The Infamous Stringdusters traffic in a particularly gripping style of bluegrass, and listening to their new album, Silver Sky, is like sitting on the edge of your seat at the end of a great suspense flick. The band's instrumental work, already intensely dramatic, is magnified here by the production style of Billy Hume (Nas, Ludacris, Lil Jon, Nelly). The vocals are mixed clearly and intimately, assuring that the listener is absorbed in the songs. Hume offered the band a sure-fire way to separate themselves from conventional recording methods, since he had no experience in recording bluegrass. This unusual marriage resulted in a unique sound for a bluegrass album. Silver Sky is at once intricate, robust, polished, and natural.
Production help is always better implemented when the source material shines and the Stringdusters have no shortage of great tunes. These twelve songs are almost impossibly good; if the album doesn't win a modicum of awards in the bluegrass/acoustic realm this year, it will be no fault of the creators.
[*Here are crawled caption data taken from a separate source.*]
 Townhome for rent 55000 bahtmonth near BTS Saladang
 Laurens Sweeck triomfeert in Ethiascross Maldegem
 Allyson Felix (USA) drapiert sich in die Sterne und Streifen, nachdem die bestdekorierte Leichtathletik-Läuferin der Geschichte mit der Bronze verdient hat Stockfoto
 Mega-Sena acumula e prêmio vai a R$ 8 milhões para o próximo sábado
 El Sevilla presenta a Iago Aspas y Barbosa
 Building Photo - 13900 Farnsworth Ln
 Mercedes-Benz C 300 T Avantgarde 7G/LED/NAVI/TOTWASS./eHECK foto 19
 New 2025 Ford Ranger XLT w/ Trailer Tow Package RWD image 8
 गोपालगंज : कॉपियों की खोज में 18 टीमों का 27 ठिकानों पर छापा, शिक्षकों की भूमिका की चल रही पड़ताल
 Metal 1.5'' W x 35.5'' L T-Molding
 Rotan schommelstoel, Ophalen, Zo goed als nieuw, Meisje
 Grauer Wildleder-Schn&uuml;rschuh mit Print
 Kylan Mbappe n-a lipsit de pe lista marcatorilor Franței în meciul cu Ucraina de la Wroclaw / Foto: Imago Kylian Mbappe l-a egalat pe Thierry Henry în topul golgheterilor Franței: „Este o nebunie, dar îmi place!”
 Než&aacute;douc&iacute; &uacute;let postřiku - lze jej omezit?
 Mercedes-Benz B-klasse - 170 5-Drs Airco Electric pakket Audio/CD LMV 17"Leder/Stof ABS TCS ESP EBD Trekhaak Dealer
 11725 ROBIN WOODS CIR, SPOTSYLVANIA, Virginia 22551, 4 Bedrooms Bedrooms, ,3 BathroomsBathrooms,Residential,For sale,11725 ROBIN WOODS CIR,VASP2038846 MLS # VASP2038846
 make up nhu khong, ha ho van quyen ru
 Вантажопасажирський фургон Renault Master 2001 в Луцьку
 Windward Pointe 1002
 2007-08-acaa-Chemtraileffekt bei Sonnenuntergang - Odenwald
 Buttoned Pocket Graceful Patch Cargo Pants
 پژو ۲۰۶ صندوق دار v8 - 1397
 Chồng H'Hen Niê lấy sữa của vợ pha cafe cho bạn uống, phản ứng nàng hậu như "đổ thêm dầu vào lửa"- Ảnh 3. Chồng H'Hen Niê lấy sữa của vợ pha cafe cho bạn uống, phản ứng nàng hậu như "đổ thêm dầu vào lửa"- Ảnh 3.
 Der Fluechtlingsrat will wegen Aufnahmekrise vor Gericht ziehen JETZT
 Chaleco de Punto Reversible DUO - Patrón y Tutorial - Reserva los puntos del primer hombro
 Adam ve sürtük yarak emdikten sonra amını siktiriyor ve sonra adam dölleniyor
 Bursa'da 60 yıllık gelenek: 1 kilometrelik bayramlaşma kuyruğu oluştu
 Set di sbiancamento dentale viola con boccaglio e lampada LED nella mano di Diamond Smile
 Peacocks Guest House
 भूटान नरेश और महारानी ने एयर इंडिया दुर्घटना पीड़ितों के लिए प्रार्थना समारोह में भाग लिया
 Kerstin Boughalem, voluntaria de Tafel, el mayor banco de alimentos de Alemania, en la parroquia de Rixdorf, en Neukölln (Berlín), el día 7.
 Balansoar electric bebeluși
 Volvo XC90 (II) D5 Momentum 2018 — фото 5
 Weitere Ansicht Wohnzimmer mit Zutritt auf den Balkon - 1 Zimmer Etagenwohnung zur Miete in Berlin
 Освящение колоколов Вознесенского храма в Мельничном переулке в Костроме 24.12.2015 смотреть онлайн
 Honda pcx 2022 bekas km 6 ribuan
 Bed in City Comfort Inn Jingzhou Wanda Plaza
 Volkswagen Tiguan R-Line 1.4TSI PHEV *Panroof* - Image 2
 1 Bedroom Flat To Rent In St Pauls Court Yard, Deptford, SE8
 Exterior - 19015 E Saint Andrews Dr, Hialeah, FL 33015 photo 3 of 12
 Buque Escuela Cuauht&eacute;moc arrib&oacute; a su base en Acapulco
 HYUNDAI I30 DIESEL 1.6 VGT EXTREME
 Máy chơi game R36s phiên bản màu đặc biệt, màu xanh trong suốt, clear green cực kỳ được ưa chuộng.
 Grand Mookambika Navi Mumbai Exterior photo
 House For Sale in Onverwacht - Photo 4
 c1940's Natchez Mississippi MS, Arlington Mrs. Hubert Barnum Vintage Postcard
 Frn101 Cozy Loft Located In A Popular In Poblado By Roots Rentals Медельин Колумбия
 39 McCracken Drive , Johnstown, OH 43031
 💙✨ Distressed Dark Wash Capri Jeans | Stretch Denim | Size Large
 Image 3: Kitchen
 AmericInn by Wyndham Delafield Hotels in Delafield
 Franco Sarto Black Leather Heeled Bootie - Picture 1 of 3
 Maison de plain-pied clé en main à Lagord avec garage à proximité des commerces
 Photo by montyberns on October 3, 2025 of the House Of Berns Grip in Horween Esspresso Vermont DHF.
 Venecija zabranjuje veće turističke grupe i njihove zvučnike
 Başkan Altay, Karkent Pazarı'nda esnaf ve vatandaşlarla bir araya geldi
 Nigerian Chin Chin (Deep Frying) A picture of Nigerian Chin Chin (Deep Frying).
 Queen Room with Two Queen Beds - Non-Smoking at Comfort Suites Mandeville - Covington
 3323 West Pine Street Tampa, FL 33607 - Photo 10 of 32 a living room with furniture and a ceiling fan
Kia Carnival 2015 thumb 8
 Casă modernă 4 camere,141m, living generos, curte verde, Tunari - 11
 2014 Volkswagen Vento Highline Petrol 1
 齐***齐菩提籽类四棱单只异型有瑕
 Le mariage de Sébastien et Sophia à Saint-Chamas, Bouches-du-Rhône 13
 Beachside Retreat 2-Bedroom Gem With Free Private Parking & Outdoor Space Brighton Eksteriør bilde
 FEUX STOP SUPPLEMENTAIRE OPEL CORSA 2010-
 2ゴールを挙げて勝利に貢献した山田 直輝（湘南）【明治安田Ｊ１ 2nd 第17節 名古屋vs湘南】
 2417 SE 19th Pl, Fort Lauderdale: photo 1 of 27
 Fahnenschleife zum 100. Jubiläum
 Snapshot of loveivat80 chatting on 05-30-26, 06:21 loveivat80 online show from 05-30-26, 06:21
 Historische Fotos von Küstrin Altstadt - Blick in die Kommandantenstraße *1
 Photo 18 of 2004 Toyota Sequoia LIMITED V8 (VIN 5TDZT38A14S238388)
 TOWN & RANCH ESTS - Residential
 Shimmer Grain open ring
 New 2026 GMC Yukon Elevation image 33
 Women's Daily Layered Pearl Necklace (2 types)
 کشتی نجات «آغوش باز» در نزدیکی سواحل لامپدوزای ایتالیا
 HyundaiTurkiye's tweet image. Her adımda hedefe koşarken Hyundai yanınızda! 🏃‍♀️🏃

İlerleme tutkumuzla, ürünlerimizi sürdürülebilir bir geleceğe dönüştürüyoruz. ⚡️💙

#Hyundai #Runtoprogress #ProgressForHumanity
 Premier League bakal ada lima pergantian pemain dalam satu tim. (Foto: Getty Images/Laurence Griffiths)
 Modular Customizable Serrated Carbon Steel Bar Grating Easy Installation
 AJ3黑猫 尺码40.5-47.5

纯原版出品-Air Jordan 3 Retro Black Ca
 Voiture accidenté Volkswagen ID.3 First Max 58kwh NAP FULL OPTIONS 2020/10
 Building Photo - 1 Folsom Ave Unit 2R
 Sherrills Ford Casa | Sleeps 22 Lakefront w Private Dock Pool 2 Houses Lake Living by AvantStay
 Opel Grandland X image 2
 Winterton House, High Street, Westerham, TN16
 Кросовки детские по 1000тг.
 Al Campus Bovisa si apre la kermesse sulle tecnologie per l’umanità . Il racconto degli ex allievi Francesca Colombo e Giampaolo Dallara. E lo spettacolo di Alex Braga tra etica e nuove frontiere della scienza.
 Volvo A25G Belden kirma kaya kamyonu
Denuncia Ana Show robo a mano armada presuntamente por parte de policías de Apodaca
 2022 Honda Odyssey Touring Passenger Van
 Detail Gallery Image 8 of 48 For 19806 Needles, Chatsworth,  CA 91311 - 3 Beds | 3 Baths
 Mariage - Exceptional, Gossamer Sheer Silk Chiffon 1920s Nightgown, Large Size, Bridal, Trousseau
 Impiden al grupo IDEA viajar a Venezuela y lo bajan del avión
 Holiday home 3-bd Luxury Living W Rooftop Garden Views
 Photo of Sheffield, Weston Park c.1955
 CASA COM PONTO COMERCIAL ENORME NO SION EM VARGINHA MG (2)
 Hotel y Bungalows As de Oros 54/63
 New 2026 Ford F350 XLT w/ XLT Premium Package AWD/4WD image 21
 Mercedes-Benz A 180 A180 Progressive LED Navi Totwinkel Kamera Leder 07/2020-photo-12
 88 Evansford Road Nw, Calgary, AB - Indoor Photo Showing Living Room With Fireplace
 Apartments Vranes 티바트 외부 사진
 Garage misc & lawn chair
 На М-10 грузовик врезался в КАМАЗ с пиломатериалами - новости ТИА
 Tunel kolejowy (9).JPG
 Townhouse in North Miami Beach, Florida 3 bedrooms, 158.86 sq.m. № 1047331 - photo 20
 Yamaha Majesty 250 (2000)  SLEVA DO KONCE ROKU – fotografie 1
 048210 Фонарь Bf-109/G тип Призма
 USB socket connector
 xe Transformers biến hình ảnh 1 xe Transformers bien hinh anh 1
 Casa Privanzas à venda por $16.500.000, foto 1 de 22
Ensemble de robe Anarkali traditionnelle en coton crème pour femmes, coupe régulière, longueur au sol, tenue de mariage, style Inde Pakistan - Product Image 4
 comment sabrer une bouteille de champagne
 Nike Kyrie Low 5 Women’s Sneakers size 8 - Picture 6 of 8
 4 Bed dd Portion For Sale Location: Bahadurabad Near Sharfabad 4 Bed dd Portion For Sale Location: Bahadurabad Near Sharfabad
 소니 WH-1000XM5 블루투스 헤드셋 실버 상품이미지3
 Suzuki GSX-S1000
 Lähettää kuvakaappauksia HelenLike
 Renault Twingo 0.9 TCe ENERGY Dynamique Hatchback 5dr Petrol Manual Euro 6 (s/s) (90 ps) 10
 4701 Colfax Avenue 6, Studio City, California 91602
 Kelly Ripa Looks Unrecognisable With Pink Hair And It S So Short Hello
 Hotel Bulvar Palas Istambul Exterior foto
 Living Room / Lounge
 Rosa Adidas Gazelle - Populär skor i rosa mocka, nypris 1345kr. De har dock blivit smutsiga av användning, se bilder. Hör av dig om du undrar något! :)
It's clear that Hume's goal wasn't to impart some new kind of process on the band, but to make sure their creamy vocal harmonies and stunning musicianship were presented as crisply as possible. Fiery guitar licks and wild banjo runs are ever-present but never overbearing, allowing the lyrics to shine. These songs would have made a nice album no matter what, but the band's vision is more fully realized and impactful because of the collaboration.
The appeal of Silver Sky expands as the album progresses. It's a concise experience, but a whiff of the band's wide-open live show comes through in the variety and vibrancy of the tracks. There are fine, if unsurprising, cover tunes ("Walking on the Moon," "He's Gone"), contemporary bluegrass burners that are uniquely stoked with a pronounced bass thump ("Don't Mean Nothin', "The Hitchhiker," "The Place I Call Home"), and several examples of the band's own sort of "high country" music of widely varied influence ("Rockets," “Tears of the Earth," “Like I Do”). Reggae, jazz, and world music show in “Heady Festy” (named in reference to the band’s own festival) and “Fire,” a jubilant journey of a tune that features the Rubblebucket horns. “Night on the River” might be the most representative song on the album, sort of like the Stringdusters summed up in one song: down-home yet sophisticated, sonically perfect with just a touch of grit, comprised of engaging lyrics and mind-enveloping music.